Second Amended and Restated Supply and Offtake Agreement
On June 1, 2021 (the “Second Restatement Effective Date”), Par Hawaii Refining, LLC, a Hawaii limited liability company (“PHR”) and indirect wholly-owned subsidiary of Par Pacific Holdings, Inc. (the “Company”), entered into a Second Amended and Restated Supply and Offtake Agreement (the “Second Amended and Restated Supply and Offtake Agreement”) with J. Aron & Company LLC (“J. Aron”), pertaining to crude oil supply and offtake arrangements for PHR’s Kapolei refineries located in Kapolei, Hawaii (the “Refinery”).
The Second Amended and Restated Supply and Offtake Agreement extends the term of the Amended and Restated Supply and Offtake Agreement, dated as of December 21, 2017, to May 31, 2024 (as extended, the “Expiration Date”), subject to a one-year extension at the mutual agreement of the parties at least 120 days prior to the Expiration Date. The Second Amended and Restated Supply and Offtake Agreement further provides, among other things, (i) that J. Aron will procure delivery of up to 150,000 barrels per day of crude oil to PHR for processing at the Refinery, and J. Aron will continue to purchase certain petroleum products processed at the Refinery; (ii) for a discretionary draw facility to be available to PHR as described below (the “Discretionary Draw Facility”) commencing as of July 1, 2021 (the “Adjustment Date”); and (iii) for certain operational and financial covenants, including the requirement that PHR maintain minimum liquidity of not less than $15 million for any consecutive three business days with at least $7.5 million of such liquidity consisting of cash and cash equivalents.
The Discretionary Draw Facility is available to PHR from the Adjustment Date up to but excluding the Expiration Date (the “Discretionary Draw Commitment Period”).
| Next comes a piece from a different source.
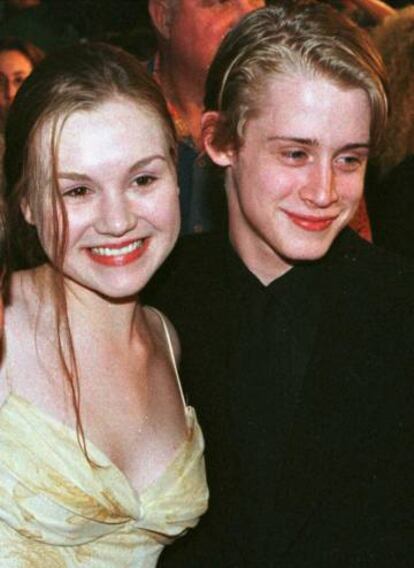 Macaulay Culkin con Rachel Miner con quien se casó con solo 18 años.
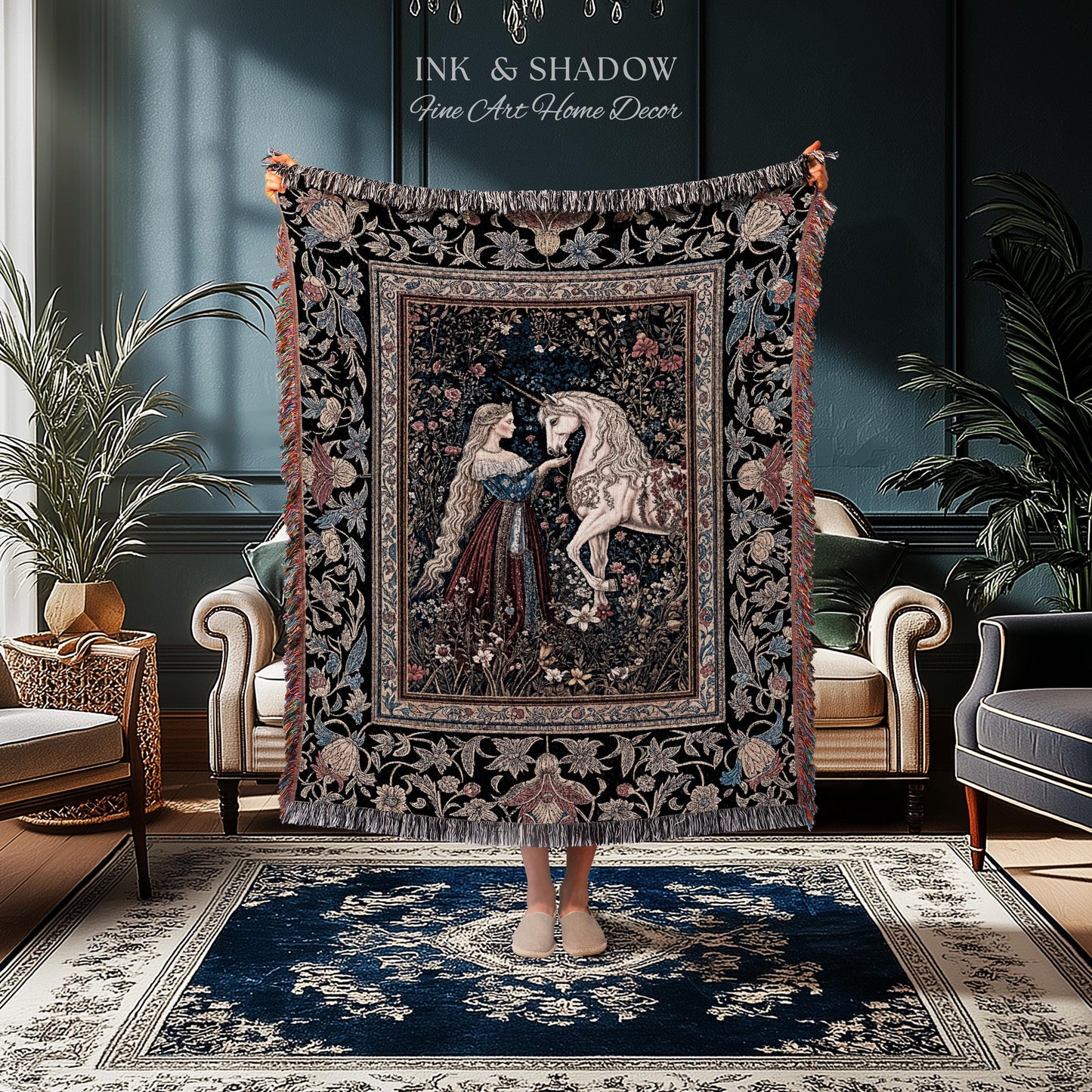 Mystic Fairytale Unicorn Throw Blanket | Renaissance Aesthetic Gloomy Coquette Woven Wall Tapestry Dark Cottagecore Storybook Gothic Theme |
Under the Discretionary Draw Facility, J. Aron agrees to make advances to PHR from time to time at the request of PHR, subject to the satisfaction of certain conditions precedent, in an aggregate principal amount at any one time outstanding not to exceed the lesser of (i) $165 million; and (ii) the borrowing base, which is calculated as (x) 85% of eligible receivables, plus (y) the lesser of $82.5 million and 85% of eligible hydrocarbon inventory, minus (z) such reserves as established by J. Aron in respect of eligible receivables and eligible hydrocarbon inventory. Amounts borrowed under the Discretionary Draw Facility that are repaid or prepaid may, subject to the terms and conditions thereof, be reborrowed during the Discretionary Draw Commitment Period.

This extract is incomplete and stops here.